Tous sont parents de victimes de cette époque ou membres d'associations luttant pour honorer leur mémoire.

Fine chevelure blanche, voix cassée, aidée d'un déambulateur, la première appelée à la barre, Maria Martin, 81 ans, recherche les restes de sa mère, fusillée en 1936 lorsqu'elle avait 6 ans et jetée dans une fosse en bord de route, dans le centre de l'Espagne.

"Ils l'avaient jetée en prison et la nuit du 21 (septembre 1936), ils l'ont sortie pour aller déposer devant la justice mais en chemin ils l'ont tuée, ils ont tué 27 hommes et trois femmes", a-t-elle déclaré à l'ouverture de l'audience.

Son père n'avait eu de cesse de récupérer ses ossements, jusqu'à son décès, en 1977. Mais il avait dû s'incliner face à la loi du silence, a-t-elle expliqué en réponse aux questions de l'avocat de Baltasar Garzon.

"Va-t-en, ne nous réclame plus rien à moins que tu veuilles que nous te fassions ce que nous lui avons fait à elle", répondait-on à son père, selon Maria Martin.

Une menace d'autant plus cruelle que la famille savait parfaitement, depuis cette nuit de septembre 1936, où se trouvait sa fosse commune.

"Nous savons où elle est: il faut compter 11 ou 12 mètres depuis le pont et c'est là qu'ils l'ont jetée", a affirmé Maria Martin.

"Pour la première fois devant un tribunal, ces gens-là vont pouvoir raconter ce que leur a infligé la dictature", expliquait avant le procès Emilio Silva, président de l'Association pour la mémoire historique, lui-même petit-fils d'une victime du franquisme.

"Que des gens des petits villages viennent raconter devant le Tribunal suprême ce qu'on leur a fait, c'est impressionnant", disait-il.

Autre témoin, Pino Sosa, 75 ans, était venue depuis l'Archipel des Canaries pour témoigner, mercredi.
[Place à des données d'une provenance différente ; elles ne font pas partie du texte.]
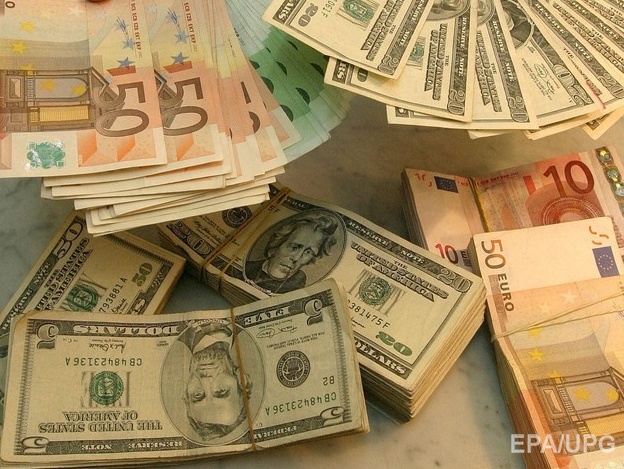 Нацбанк укрепил курс гривны к евро на 67 копеек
"Quand ils ont pris mon père, j'étais toute petite", s'est-elle souvenue devant les juges. "Ils nous ont alors enlevé la joie de la maison, car ma mère était malade et elle cherchait mon père."

Emue après l'audience, Pino Sosa s'indignait de voir le juge Garzon forcé de défendre son enquête sur les disparus du franquisme.

"C'est la justice qui juge la justice, car nous étions juste venus chercher justice", a lancé la vieille femme.

Ce sont en effet les plaintes de membres d'associations luttant pour la défense de la mémoire histoire qui avaient conduit le juge Garzon, 56 ans, à ouvrir une enquête sur plus de 100.000 disparus du franquisme entre 2006 et 2008.

Il est aujourd'hui accusé par deux associations d'extrême droite d'avoir, avec cette instruction, enfreint la loi d'amnistie votée en octobre 1977, deux ans après la mort de Francisco Franco, qui était censée imposer un pacte du silence sur les années noires de la Guerre civile (1936-39) et de la dictature (1939-75).

Les faits décrits par les familles des victimes pouvaient être qualifiés "dans certains cas de crimes contre l'humanité, de génocide", qui ne peuvent donc pas être prescrits ni tomber sous le coup de cette loi d'amnistie, a expliqué Baltasar Garzon, mardi, devant le tribunal.

Le magistrat risque jusqu'à vingt ans d'interdiction d'excercer, une condamnation qui mettrait fin à sa carrière. Le tribunal avait décidé mardi de mener le procès à son terme, en dépit d'une demande d'annulation soutenue par la défense et par le parquet lui-même, qui mettaient en avant la faiblesse de l'accusation.